I'm trying to scrape a website and obtain information that is only available in requests made available through the browser's Network tab.
I found two situations:
I can't get the routes at runtime, because the
page.tracing()
saves all the information in a file and even after the generated file I can't read that file while the program is running. If I use another trick, likepage.on('request', ...)
I can't get the route I want.

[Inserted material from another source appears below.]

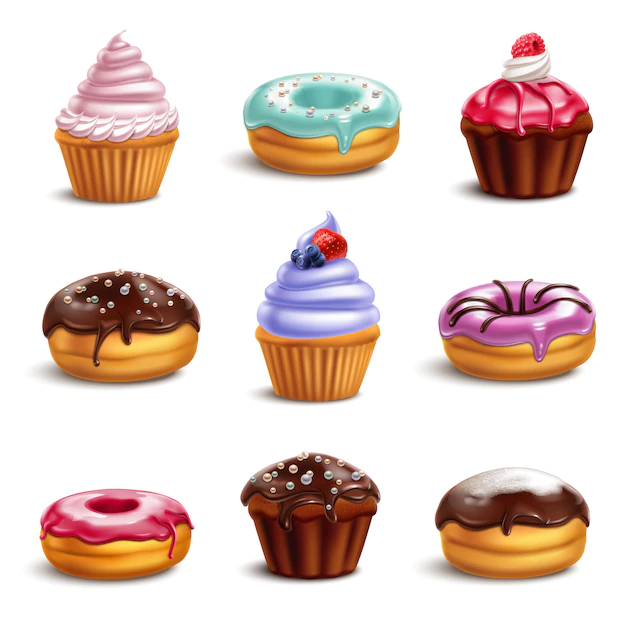 Free Vector | Cookie sweets icon set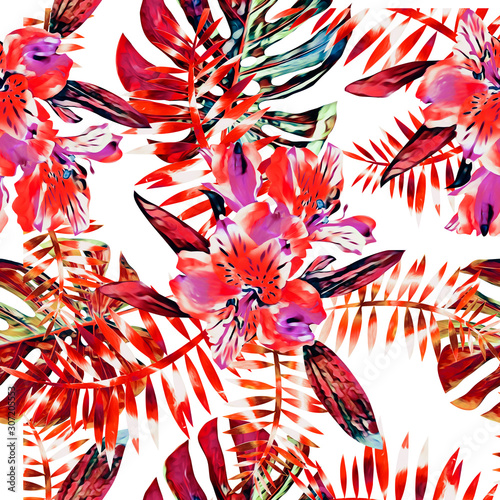 Tropical floral bouquet with orchids, seamless pattern.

Apparently not all routes are captured.When I try to run the program with the browser with
headless: true
, I apparently get an error:TimeoutError: waiting for target failed: timeout 30000ms exceeded
.
Below I will leave my example code:
import puppeteer from "puppeteer-extra";
import StealthPlugin from "puppeteer-extra-plugin-stealth";
function holdOn(time?: number) {
time = time ?? Math.floor(Math.random() * 3000 + 1000);
return new Promise((resolve) => setTimeout(resolve, time));
}
async function crawler() {
puppeteer.use(StealthPlugin());
const browser = await puppeteer.launch({
headless: true,
defaultViewport: null,
ignoreHTTPSErrors: true,
args: [
"accept-language:en-US,en;q=0.9",
"--user-agent:Mozilla/5.0 (Windows NT 10.0; Win64; x64) AppleWebKit/537.36 (KHTML, like Gecko) Chrome/74.0.3729.169 Safari/537.36",
],
ignoreDefaultArgs: [
"--disable-extensions",
"--disable-default-apps",
"--disable-component-extensions-with-background-pages",
],
});
const [page] = await browser.pages();
await page.tracing.start({
screenshots: true,
categories: ["devtools.timeline"],
path: "./tracing.json",
});
page.setDefaultNavigationTimeout(0);
await page.goto("http://pixbet.com/", { waitUntil: "networkidle0" });
await page.waitForSelector(".reg_login_btn_area");
const element = await page.$(".btn_general");
await element.click();
await page.waitForSelector("div#fe_login_box_popup");
await holdOn();
await page.focus('input[name="username"]');
await page.keyboard.type("user_teste_sample", { delay: 40 });
await holdOn();
await page.focus('input[name="password"]');
await page.keyboard.type("P4$$W0RD_S4MPL3", { delay: 100 });
await page.click("div.fhtxt > button");
await page.waitForNavigation({
waitUntil: "networkidle0",
});
await page.setRequestInterception(true);
page.on("request", (request) => {
console.log(">>", request.method(), request.url());
request.continue();
});
await page.goto("https://pixbet.com/casino/game/35423-live-spaceman", {
waitUntil: "networkidle0",
timeout: 0,
});
await page.tracing.stop();
console.log("Finish");
await page.close();
await browser.close();
}
crawler();